# COMPETITIVE BODYBUILDING - POWERLIFTING - ATHLETICS & SPORTS > POWERLIFTING FORUM >  Interview with pro bencher Joe Luther

## Seanzilla HCPL

Former WABDL junior and open class world champion, BenchAmerica pro, Arnold Classic WPO benchpress competitor and 2 x Kings of the Bench medalist, Joe Luther's latest interview is now posted on House of Pain's BLOG.

At 165 pounds bodyweight, Luther's posted a 480.6 pound press in a single ply, drug tested federation and he also holds the Hardcore Powerlifting federation record with a 425 (raw) bench at 165 pounds bodyweight.
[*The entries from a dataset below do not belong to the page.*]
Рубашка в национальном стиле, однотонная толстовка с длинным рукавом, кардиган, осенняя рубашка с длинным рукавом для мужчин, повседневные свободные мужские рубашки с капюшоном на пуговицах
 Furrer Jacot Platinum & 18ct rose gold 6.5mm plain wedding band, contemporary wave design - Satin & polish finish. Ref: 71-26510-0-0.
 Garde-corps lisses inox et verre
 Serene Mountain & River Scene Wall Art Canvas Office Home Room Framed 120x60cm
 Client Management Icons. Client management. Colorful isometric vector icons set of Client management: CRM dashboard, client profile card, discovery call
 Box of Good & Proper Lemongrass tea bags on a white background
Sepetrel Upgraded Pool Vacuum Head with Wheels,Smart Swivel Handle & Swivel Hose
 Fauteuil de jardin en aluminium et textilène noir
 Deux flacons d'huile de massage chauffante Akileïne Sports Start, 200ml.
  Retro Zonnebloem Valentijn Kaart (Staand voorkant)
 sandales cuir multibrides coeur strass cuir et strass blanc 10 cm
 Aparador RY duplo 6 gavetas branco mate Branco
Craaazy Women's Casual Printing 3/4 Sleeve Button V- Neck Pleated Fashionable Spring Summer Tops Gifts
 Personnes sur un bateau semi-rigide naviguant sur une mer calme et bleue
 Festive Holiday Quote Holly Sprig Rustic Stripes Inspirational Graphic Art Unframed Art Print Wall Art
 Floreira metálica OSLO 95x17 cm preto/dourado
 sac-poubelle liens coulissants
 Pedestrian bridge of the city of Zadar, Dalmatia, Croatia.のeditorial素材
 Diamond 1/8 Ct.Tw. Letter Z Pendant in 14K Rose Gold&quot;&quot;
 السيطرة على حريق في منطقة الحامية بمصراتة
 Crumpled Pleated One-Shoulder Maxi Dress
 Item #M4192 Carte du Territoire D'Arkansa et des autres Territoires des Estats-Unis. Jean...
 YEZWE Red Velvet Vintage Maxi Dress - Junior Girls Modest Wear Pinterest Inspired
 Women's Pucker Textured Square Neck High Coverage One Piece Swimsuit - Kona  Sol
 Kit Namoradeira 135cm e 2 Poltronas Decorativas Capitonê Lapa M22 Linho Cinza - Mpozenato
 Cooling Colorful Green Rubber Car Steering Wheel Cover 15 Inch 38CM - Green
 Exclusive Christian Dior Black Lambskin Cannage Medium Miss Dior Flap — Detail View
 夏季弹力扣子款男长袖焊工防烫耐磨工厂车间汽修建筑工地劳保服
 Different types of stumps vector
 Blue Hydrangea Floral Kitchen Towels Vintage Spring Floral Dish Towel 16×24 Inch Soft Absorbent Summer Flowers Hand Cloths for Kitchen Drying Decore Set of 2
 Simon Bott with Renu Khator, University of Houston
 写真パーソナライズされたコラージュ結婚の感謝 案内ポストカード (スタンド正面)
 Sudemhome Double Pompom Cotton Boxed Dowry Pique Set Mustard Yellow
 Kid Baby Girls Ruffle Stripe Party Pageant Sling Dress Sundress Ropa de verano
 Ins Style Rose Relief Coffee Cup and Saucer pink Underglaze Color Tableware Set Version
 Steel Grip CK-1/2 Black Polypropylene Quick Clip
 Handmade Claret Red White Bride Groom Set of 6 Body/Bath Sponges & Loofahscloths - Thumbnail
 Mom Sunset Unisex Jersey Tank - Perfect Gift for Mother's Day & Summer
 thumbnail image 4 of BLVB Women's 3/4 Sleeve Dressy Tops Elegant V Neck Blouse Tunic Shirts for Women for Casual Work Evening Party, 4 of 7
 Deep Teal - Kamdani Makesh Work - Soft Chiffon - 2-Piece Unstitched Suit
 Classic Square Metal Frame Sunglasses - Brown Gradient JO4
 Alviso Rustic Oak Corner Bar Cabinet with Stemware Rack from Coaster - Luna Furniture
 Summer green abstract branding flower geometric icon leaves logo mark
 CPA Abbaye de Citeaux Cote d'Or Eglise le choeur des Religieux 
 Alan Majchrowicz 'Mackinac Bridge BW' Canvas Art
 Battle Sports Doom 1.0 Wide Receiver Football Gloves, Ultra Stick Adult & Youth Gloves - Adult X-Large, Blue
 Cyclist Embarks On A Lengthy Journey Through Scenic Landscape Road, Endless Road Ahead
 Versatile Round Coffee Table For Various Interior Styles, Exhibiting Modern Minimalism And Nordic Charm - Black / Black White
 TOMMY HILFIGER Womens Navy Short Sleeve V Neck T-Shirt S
In addition to his best max benches, Luther's benched 225lbs for 30 full range reps at 165lbs bodyweight in a strict power bench challenge.

Read about his arch building techniques (with photos) and max raw bench training day here

http://www.houseofpain3.com/wlsnews/

----------


## rhino1

nice

----------


## quarry206

ok please let me say first this is one strong mofo.. and is a god among men when it comes to the mid to light weight class at most events..

but what feds allows him to left his whole body off the bench, it was unreal some of the pics of him benching looked like only the tips of his shoulders were touchin..

is that a normal thing? i have only been to about three fed events and never seen that form before..

----------